I could not agree more.  But let’s face it, the hypocrisy of modern, woke, me-too movement aficionados rapturously cheering this message is comical.  In less than a decade, North American culture has accepted as unquestionable the notion that it is unacceptable for leaders of any kind to have lapses in judgment or moral failings.  When they do, in the current me-too mindset, they deserve to be cancelled, obliterated from history, never to be seen, heard from, or discussed again except, I realize, when it comes to Alexander Hamilton.  Hamilton, the play, is a huge success being performed in several places throughout the world. Does no one else see the hypocrisy? Do people not think anymore? (No, don’t answer that question yet.)

Most readers are aware of the National Study of Priests conducted by The Catholic Project at the Catholic University of America.  Father Gordon MacRae wrote of it with his usual aplomb in the link atop this post. What some of you may not have seen is an equally worthwhile analysis of it in Catholic World Report, entitled, “The National Survey of Priests Suggests a Deep Crisis in Catholic Theology,” by Msgr. Thomas Guarino.  Father MacRae and I both highly recommend it and we will link to it again at the end of this post.

The import of the study, and the two articles linked above, is the fact that priests, not just in the United States to which all of the above-noted articles are limited, are suffering from a fear of the modern, woke, me-too movement aficionados who seem to be as prevalent in the Church as they are in the world. I do not need to reiterate the scenario of a priest being accused, removed from ministry and either being dismissed from the clerical state or left in limbo on so-called administrative leave.  In cases too many to count, priests are abandoned, having been prohibited from exercising any priestly ministry, save the celebration of Mass in private.

Let me be clear, I am not referring to priests accused of sexual abuse of a minor. While the scourge of the sexual abuse crisis is going to be with us for a long time yet, the unfortunate and concomitant truth is that priests are now sitting ducks for any type of accusation.  It is specifically to the other stuff that I am referring.  Dealing with the sex abuse crisis, however, has led many bishops and Church leaders to think that priests are now like chattel, pieces of property who can be used or discarded at will. The praxis in the Church these days is that a priest can act as a priest only with the explicit permission of his bishop or superior.  To put it another way, it is as if a priest is ordained and receives the sacrament of Holy Orders, but the power of those orders is like a tap is turned on or off by the bishop.

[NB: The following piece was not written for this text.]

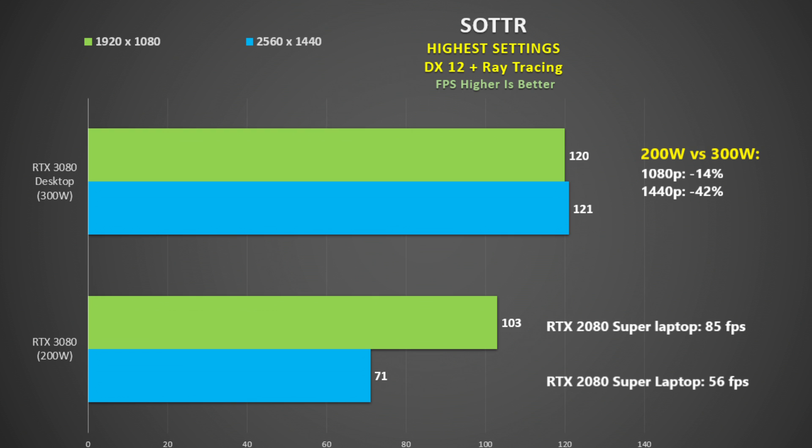Comparing the 200-watt results to the RTX 2080 Super at 200 watts, we see a 21% gain at 1080p and a 27% gain at 1440p, showing the 3080 will help in games that use ray tracing. 71 fps at 1440p with ray tracing at the highest settings is still great performance, should we see this in a laptop.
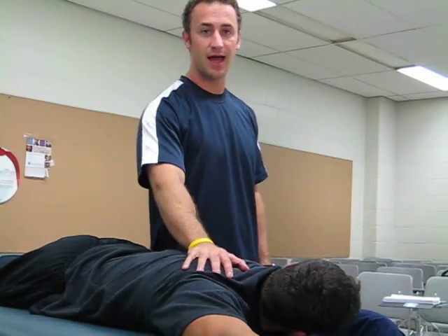My name is Roman Grussell. We're going to be doing scapula adduction and depression, testing for the lower traps.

Perhaps Father has fallen into sin with a woman, someone doesn’t like Father’s preaching, or maybe Father is insisting on his right to offer Mass ad orientem, or, Heaven forbid, Father uses vulgar language in a fit of anger or impatience (pace the news reports, if indeed true, of Pope Francis’ recent tirade with seminarians from Barcelona).  Any of those things, to name just a few, can lead to a priest’s removal from ministry cast into a form of canonical limbo with no defense and from which he may never emerge.  The idea seems to have taken over the collective episcopal mindset that a priest exercises his Sacred Orders at his bishop’s unfettered discretion.  As Father Thomas Guarino points out so well in his article at the end of this post, this has serious consequences for the Catholic theology of priesthood.

 

The Expulsion from Eden by Gustave Doré

Catholic Crime and Punishment

Of course, the Church and bishops need to maintain discipline and authority among clergy and religious.  No one questions that.  But one does rightly question the overreach of control that has crept into our day to day living.  Not every bad behavior, or even sinful behavior of a priest is an ecclesiastical crime for which he can be punished or even destroyed.  Clearly, if a priest violates his promise of celibacy by sexual acts with an adult woman who is not his parishioner, he commits a mortal sin for which he must repent and do penance like all other sinners.  But the Church does not say he has committed a crime. A crime exists, in these specific circumstances, only if he begins to live with her in a married fashion (it doesn’t mean he literally has to live in the same house with her).  That is the sin and crime of concubinage.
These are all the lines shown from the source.